Division of Biostatistics, School of Public Health, University of Minnesota, Minneapolis, MN 55455, USA.
Genet Epidemiol. 2011 Dec;35(8):755-65. doi: 10.1002/gepi.20625. Epub 2011 Sep 15.
In multilocus association analysis, since some markers may not be associated with a trait, it seems attractive to use penalized regression with the capability of automatic variable selection. On the other hand, in spite of a rapidly growing body of literature on penalized regression, most focus on variable selection and outcome prediction, for which penalized methods are generally more effective than their nonpenalized counterparts. However, for statistical inference, i.e. hypothesis testing and interval estimation, it is less clear how penalized methods would perform, or even how to best apply them, largely due to lack of studies on this topic. In our motivating data for a cohort of kidney transplant recipients, it is of primary interest to assess whether a group of genetic variants are associated with a binary clinical outcome, acute rejection at 6 months. In this article, we study some technical issues and alternative implementations of hypothesis testing in Lasso penalized logistic regression, and compare their performance with each other and with several existing global tests, some of which are specifically designed as variance component tests for high-dimensional data. The most interesting, and perhaps surprising, conclusion of this study is that, for low to moderately high-dimensional data, statistical tests based on Lasso penalized regression are not necessarily more powerful than some existing global tests. In addition, in penalized regression, rather than building a test based on a single selected "best" model, combining multiple tests, each of which is built on a candidate model, might be more promising.
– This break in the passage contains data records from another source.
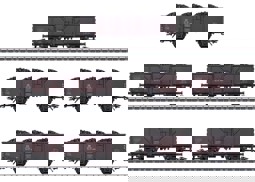 Show details for Märklin 44311 H0 Güterwagen-Set Fd-z-72 Ommv DB Picture of Märklin 44311 H0 Güterwagen-Set Fd-z-72 Ommv DB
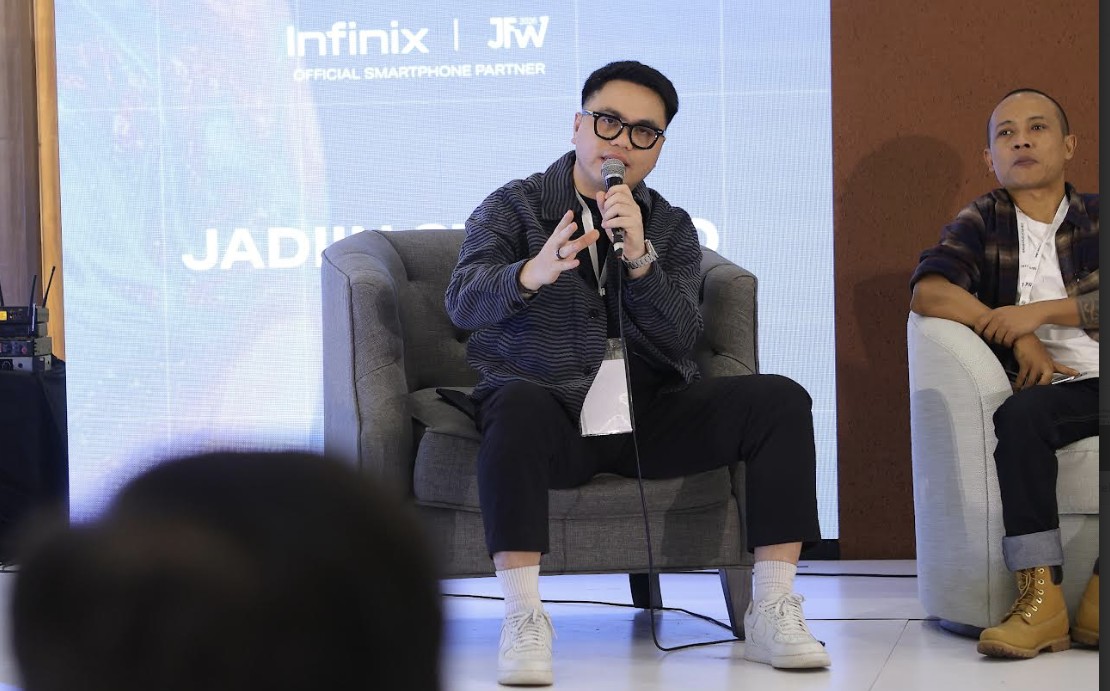 Infinix Bawa “Fragment of Anomaly” ke Jakarta Fashion Week 2026: Perpaduan Fashion, Teknologi, dan Ekspresi Diri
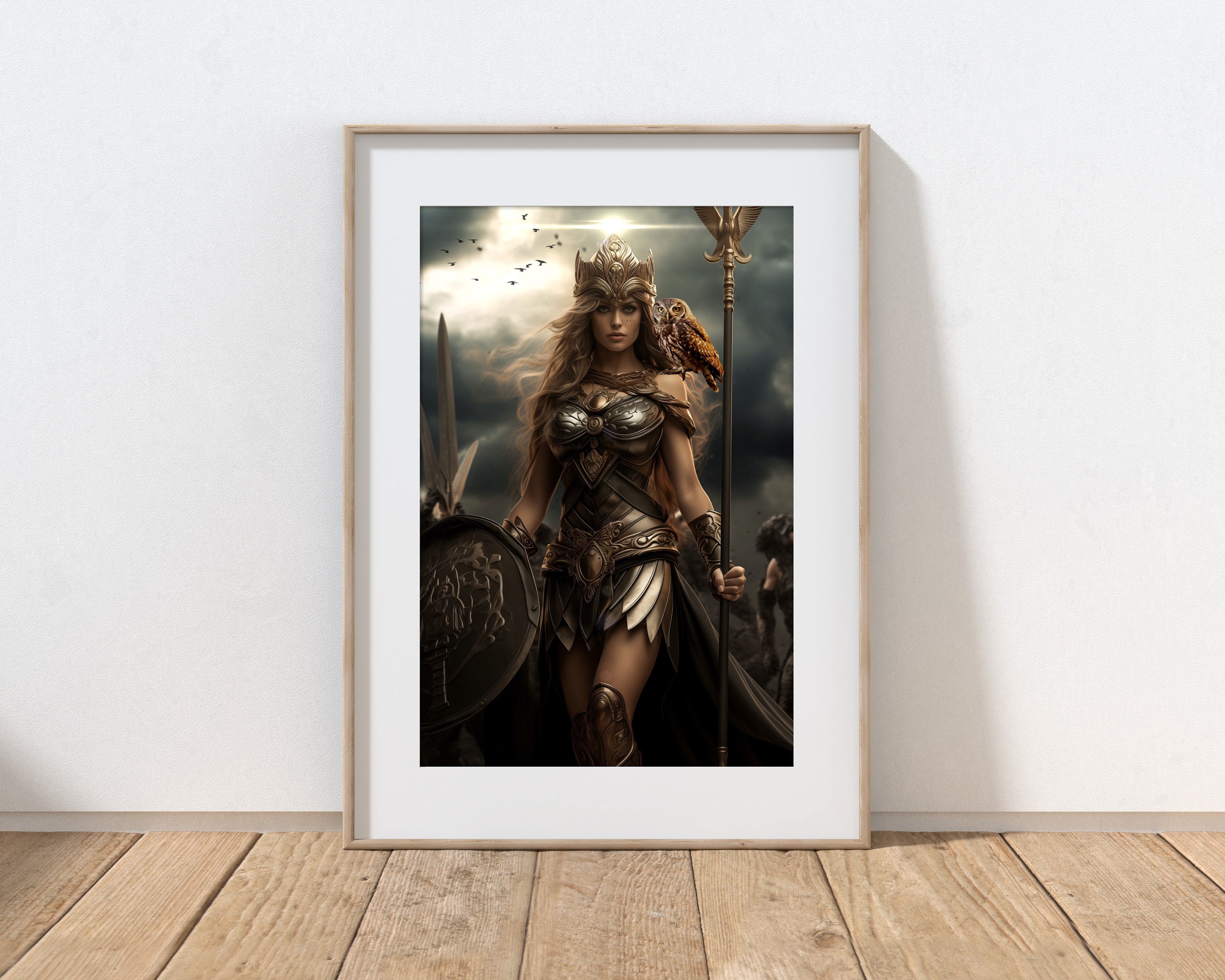 donne spartane, dea greca atena dell'antica mitologia. carattere femminile  5089237 Arte vettoriale a Vecteezy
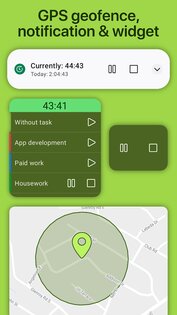 WorkingHours – тайм трекер 2.12.3. Скриншот 4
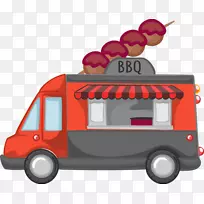 汉堡包烧烤车-卡通流烧烤车-空若网 汉堡包烧烤车-卡通流烧烤车-空若网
在多基因座关联分析中,由于一些标记可能与性状不相关,因此使用具有自动变量选择功能的惩罚回归似乎很有吸引力。另一方面,尽管惩罚回归的文献数量迅速增加,但大多数都集中在变量选择和结果预测上,在这些方面,惩罚方法通常比非惩罚方法更有效。然而,对于统计推断,即假设检验和区间估计,惩罚方法的表现如何,甚至如何最好地应用它们,都不太清楚,这主要是由于缺乏对此主题的研究。在我们对一组肾移植受者队列的激励数据中,主要关注的是评估一组遗传变异是否与 6 个月时的急性排斥反应等二元临床结果相关。在本文中,我们研究了 Lasso 惩罚逻辑回归中假设检验的一些技术问题和替代实现,并将它们的性能彼此进行了比较,也与几种现有的全局检验进行了比较,其中一些检验是专门为高维数据设计的方差分量检验。这项研究最有趣、也许也是最令人惊讶的结论是,对于低到中等维度的数据,基于 Lasso 惩罚回归的统计检验不一定比一些现有的全局检验更有效。此外,在惩罚回归中,与其基于单个选定的“最佳”模型构建检验,不如组合多个检验,每个检验都是基于候选模型构建的,可能更有前途。